5.3. Amendments and Waivers. Any provision of this Agreement may be amended or waived if such amendment or waiver is in writing and is signed, in the case of an amendment, by each party to this Agreement or, in the case of a waiver, by each party against whom the waiver is to be effective. No failure or delay by any party in exercising any right, power or privilege hereunder shall operate as a waiver thereof nor shall any single or partial exercise thereof preclude any other or further exercise thereof or the exercise of any other right, power or privilege.
5.4. Expenses. All fees and expenses incurred in connection herewith and the transactions contemplated hereby shall be paid by the party incurring such fees and expenses, whether or not the Offer or the Merger is consummated.
5.5. Entire Agreement; Assignment. This Agreement, together with Schedule A, and the other documents and certificates delivered pursuant hereto, constitute the entire agreement, and supersede all prior agreements and understandings, both written and oral, among the parties with respect to the subject matter of this Agreement.
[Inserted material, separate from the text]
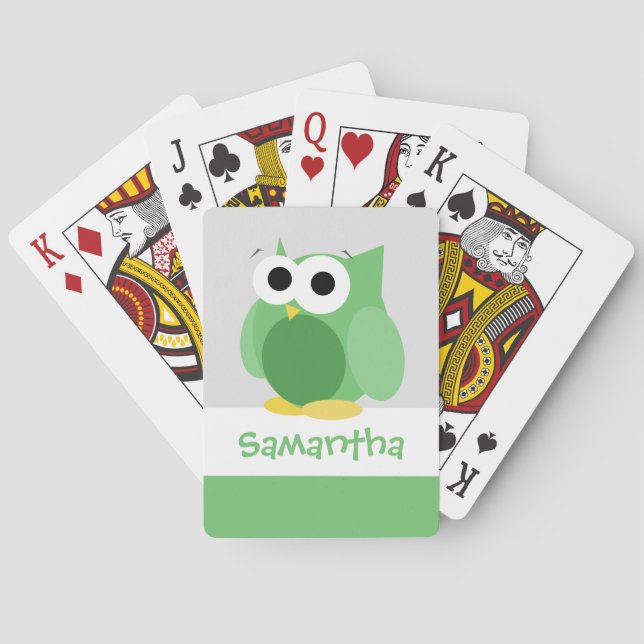 Funny Green Owl Kids Personalised Playing Cards (Back)
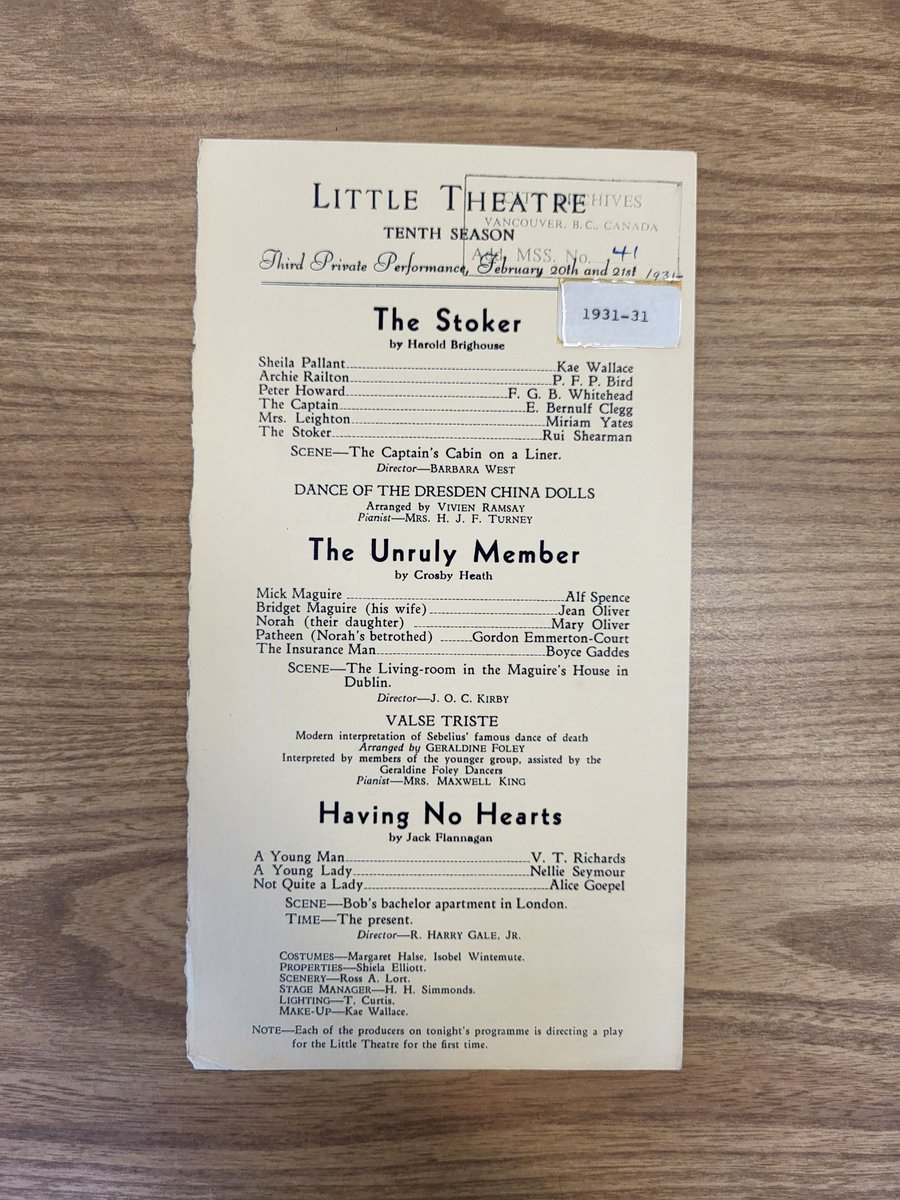 On this day...
Title: Little Theatre : tenth season : third private performance, February 20th and 21st : [programme]
Date: 1931
Ref. code: AM1519-: PAM 1931-31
Neither this Agreement nor any of the rights, interest or obligations hereunder shall be assigned, in whole or in part, by operation of law or otherwise by any of the parties without the prior written consent of the other parties, and any such assignment without consent shall be null and void; provided that Parent or Merger Sub may transfer or assign all or any part of their respective rights and obligations to any direct or indirect wholly owned Subsidiary of Parent (it being understood that such transfer or assignment shall not relieve Parent of its obligations hereunder).
5.6. Enforcement of the Agreement. The parties agree that irreparable damage would occur in the event that any Stockholder did not perform any of the provisions of this Agreement in accordance with their specific terms or otherwise breached any such provisions. It is accordingly agreed that Parent and Merger Sub shall be entitled to an injunction or injunctions to prevent breaches of this Agreement and to enforce specifically the terms and provisions of this Agreement in addition to any other remedy to which they are entitled at law or in equity. Any and all remedies herein expressly conferred upon Parent and Merger Sub will be deemed cumulative with and not exclusive of any other remedy conferred hereby, or by Law or equity upon such party, and the exercise by Parent or Merger Sub of any one remedy will not preclude the exercise of any other remedy.
5.7. Jurisdiction; Service of Process; Waiver of Jury Trial.
(a) Each of the parties hereto irrevocably (i) submits to the exclusive jurisdiction of the Court of Chancery of the State of Delaware or, if such court lacks subject matter jurisdiction, the United States District Court sitting in New Castle County in the State of Delaware, for the purpose of any Action directly or indirectly based upon, relating to or arising out of this Agreement or any transaction contemplated hereby, or the negotiation, execution or performance hereof and (ii) agrees that all claims in respect to such Action shall be brought in, and may be heard and determined, exclusively in such state or federal courts. Each of the parties hereto irrevocably and unconditionally waives any objection to the laying of venue and any defense of inconvenient forum to the maintenance of, any Action so brought. Each of the parties hereto agrees that a final judgment in any Action may be enforced in other jurisdictions by suit on the judgment or in any other manner provided by Law. Each of the parties hereto irrevocably consents to the service of the summons and complaint and any other process in any other Action relating to the transactions contemplated by this Agreement, on behalf of itself or its property, by U.S. registered mail in accordance with Section 5.1. Nothing in this Section 5.7 shall affect the right of any party hereto to serve legal process in any other manner permitted by Law.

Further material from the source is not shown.